Or, if you are not satisfied with the elaborate explanation in the previous paragraph, try this. I can only write about what I know, and what I know is limited.

Phase Shifts and Network Behavior

What happens to the contentedness of a network as pairs of nodes are randomly chosen and connected? This is a question that has been much studied in complexity research. The answer is that not very much happens until a critical value is reached, at which point there is a phase shift that rapidly connects almost all the nodes. To see a demo of this, download Net Logo and run the “giant component” model from the library. (It’s not as much fun because you can’t vary the parameters, but there is a nice You Tube demo as well.) See the picture for a screen shot.giant_component

What has this complexity behavior got to do with evaluation? I’ll illustrate with a hypothetical example I used in a workshop. The program was designed to promote healthy eating for adults in a small city. The intervention was at the level of civic organizations (churches, service clubs, etc.). There are two aspects to the program. First, the program provides a proven “best practice” curriculum for education and training about healthy eating, along with training on the content of the material and effective ways to deliver the classes. Second, the program provides technical assistance to help each service organization set up any program it wants to promote healthy eating in its community. There are no restrictions as to what the program can be as long as it is “on topic”, and can be produced and delivered with whatever resources (internal or externally supplied), the organization could muster.

How might all of these healthy eating programs affect the population? Here are two plausible ways to think of the program theory. Both are way oversimplified, I know. But stripped to their bare essentials, the difference between the two gets the message across.


On the left, change takes place as individuals are influenced by the messages and the programs that emanate from the civic organizations. On the right, the mechanism of change is based on network effects. Here, individuals are directly influenced by what the civic organizations do, but they themselves in turn influence friends and family, who may then in turn influence their friends and family. One theory of change assumes that the dominant method of change is the sum total of influence of the program on individuals. I’ll call this the “program/individual” theory of change. The second theory of change assumes that if the programs are effective, it is because they support a network effect among individuals in the community. I’ll call this the “network” theory of change. (Let’s leave aside the question of which theory is correct, and the fact that in reality much more elaborate and mixed-mechanism changes are at play.) These two theories of change drive very different methodologies and a different sets of expectations about the pattern of change.

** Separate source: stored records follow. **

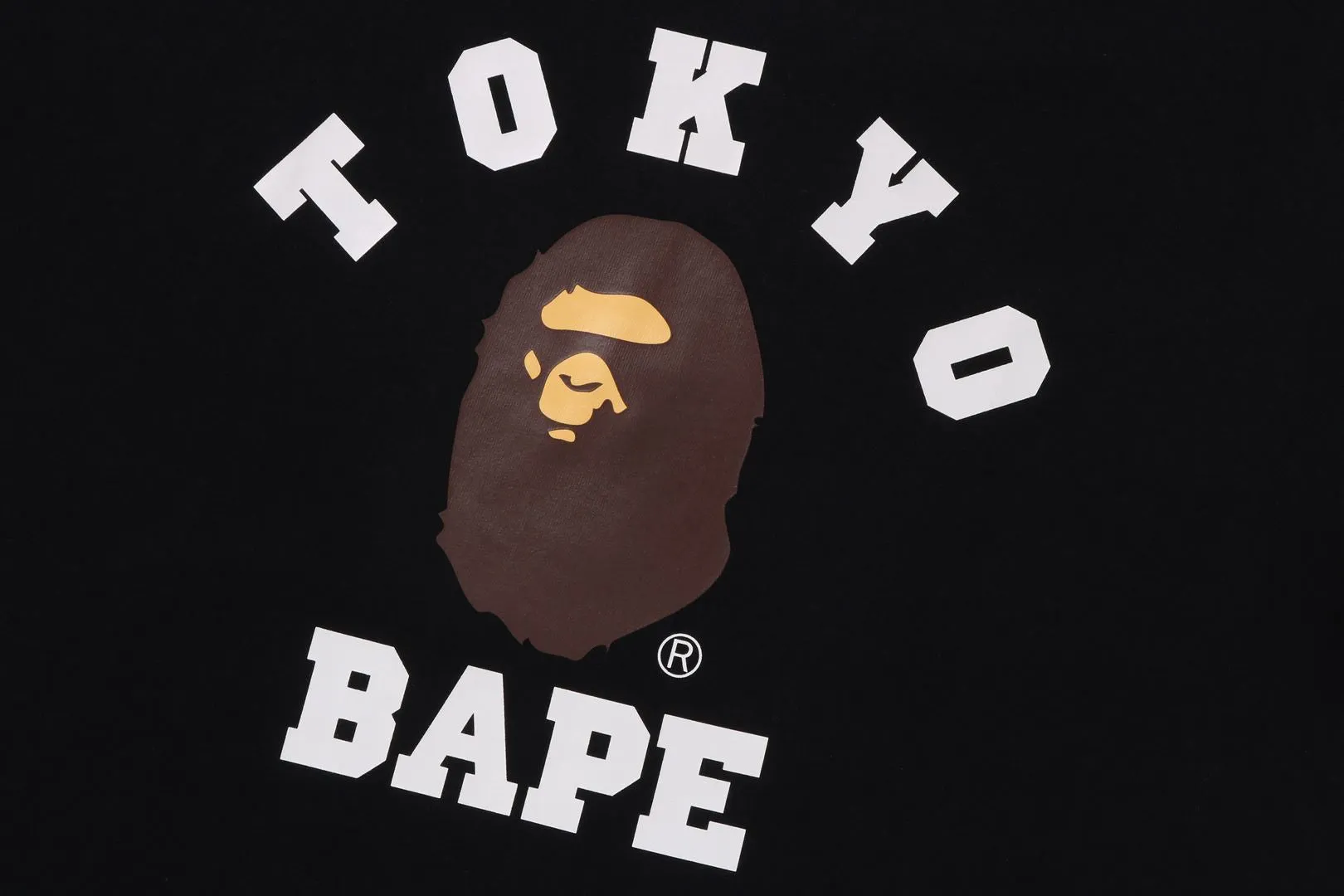 CITY TEE TOKYO COLLEGE sold by Bape product image thumbnail 2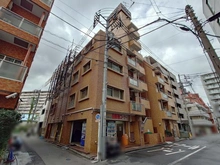 【神奈川県/横浜市鶴見区生麦】ダイアパレス生麦第2 外観：修繕中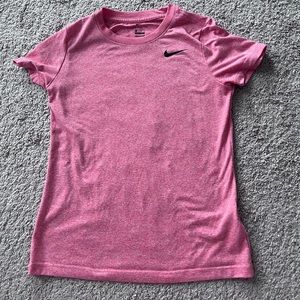 Women’s Dry fit Nike Tee- Pink Peach color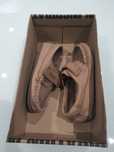 Sapatos de vela em pele com velcro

  • The amount of change should vary reasonably evenly over time, thus if no change takes place soon after implementation, there is cause for concern.
  • There is no need for data collection that will identify or map social influence network effects. Thus a very difficult, time consuming, and expensive data collection exercise is eliminated.

Network theory of change

  • No change should be expected for quite some time, so no or minimal change as the program proceeds should not be too worrisome.
  • Data collection methods are needed to map social influence dynamics. An elaborate, expensive, and time consuming evaluation exercise may be worthwhile.

Power and other Long Tail Distributions

Now let’s shift attention from the recipients of the health eating messages and turn to evaluation of the civic organizations themselves. One of the objectives of that program was to motivate civic organizations to deliver healthy eating programming. Therefore, it is reasonable to measure the civic organizations in terms of how many people they serve with their healthy eating programs.

At first blush one might think that the data would be normally (or at least symmetrically) distributed around a mean. Of course the distribution would be affected by the data on the left side of the mean being truncated by the zero point, but conceptually it would be “normal-like” in the sense of how organizations behaved in producing different numbers of healthy eating programs, and by extension, the number of participants in those programs. This is certainly a reasonable expectation based on a reasonable program theory. But consider another program theory based on some ideas that are prominent in studies of complexity.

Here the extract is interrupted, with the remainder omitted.